2e Dimanche de Carême, Marc 9, 2-10

Si Jésus n’avait pas pris volontairement la condition de Serviteur, la Transfiguration aurait été son lot quotidien. La gloire qui l’habitait aurait transparu chaque jour dans son humanité sainte. Mais cela, c’est de l’imagination, c’est une hypothèse, ce n’est pas de la théologie, car l’authentique théologie est un langage sur ce que Dieu est et ce que Dieu a fait « pour nous les hommes et pour notre salut ».

Or ce que Dieu a choisi, réellement, c’est l’incarnation de son Fils, dans l’humilité, dans la modestie, dans la pauvreté de Nazareth ; et la lumière éclatante de la Transfiguration, qui nous parle de gloire, d’union indicible avec le Père, nous révèle, par contraste, l’humilité du quotidien de Jésus. L’intensité de sa gloire est telle que même les vêtements de Jésus deviennent éblouissants. C’étaient pourtant des vêtements de charpentier.

C’est bien pourquoi la fête du Transfiguré est si chère à tous les cœurs contemplatifs : au-delà des prises de notre intelligence, elle déploie pour notre cœur le paradoxe inouï de la personne de Jésus, vrai Dieu et vrai homme, vrai charpentier métamorphosé un instant par la gloire.

Désormais Pierre, Jacques et Jean sauront que le salut n’est qu’en Jésus, et que les temps de Moïse et d’Élie sont passés. C’est tout le sens de la méprise de Pierre :« Rabbi, il est bon que nous soyons ici ! Faisons trois tentes ! » Trois tentes, Pierre ? mais il y en aurait deux de trop ! Faire trois tentes, ce serait aligner Jésus sur Moïse ou Élie : Jésus serait l’un des prophètes, sans plus !

C’est pourquoi Dieu le Père écarte l’initiative brouillonne de Pierre. Tout comme Dieu a bâti pour David une maison-dynastie, sans que David ait à bâtir sa maison au Seigneur, Dieu couvre les disciples de la nuée sans qu’ils aient pu bâtir leurs tentes de mains d’hommes. Et la voix venue du ciel commente le geste de Dieu :« Celui-ci est mon Fils bien-aimé ». « Celui-ci », dit la voix ; et les disciples ne voient plus que Jésus seul, comme au jour du Baptême où le vol de la colombe avait désigné Jésus seul, Jésus, le Bien-Aimé.

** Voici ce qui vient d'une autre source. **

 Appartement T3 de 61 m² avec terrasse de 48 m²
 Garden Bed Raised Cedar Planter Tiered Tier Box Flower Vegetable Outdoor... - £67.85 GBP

C’est bien ce que nous avons à vivre chaque jour dans la foi. Sortant en quelque sorte de la nuée théophanique, quand nous quittons l’oraison ou l’Eucharistie, nous ne voyons plus, dans l’ordinaire, que Jésus, « seul avec nous », en habits de charpentier. Mais chaque fois qu’il plaît à Dieu de « révéler son Fils en nous », nous percevons, à l’intime de nous-mêmes, transmise et amplifiée par l’Esprit Paraclet, la voix révélante du Père :« Celui-ci est mon Fils bien-aimé. Écoutez-le ! » Et nous nous sentons moins seuls et plus forts en descendant de la montagne.

Écouter Jésus, le Bien-Aimé, c’est adhérer à Dieu tel qu’il nous le révèle , c’est aussi regarder le monde comme il le regarde, et nous ouvrir au salut, à la vie nouvelle, que Jésus nous offre.

Écouter Jésus, c’est garder Dieu et son amour à l’horizon de notre vie, et entrer dans son dessein, jour après jour, parmi ceux qu’il nous donne à aimer et à servir.

Écouter Jésus, c’est nous tourner résolument vers l’avenir et rester aux avant-postes de l’espérance, « puisque, en Jésus Christ, Dieu nous donne de croire en l’homme et nous rend capables de transformer le monde selon son désir »(rapport Dagens, 1033a).

C’est la même espérance qui, au-delà de nos tâches terrestres, nous fait vivre dès aujourd’hui « plus haut que ce qui meurt » (Elisabeth). Car si la gloire de Dieu, c’est l’homme vivant, la vie de l’homme, c’est la vision de Dieu.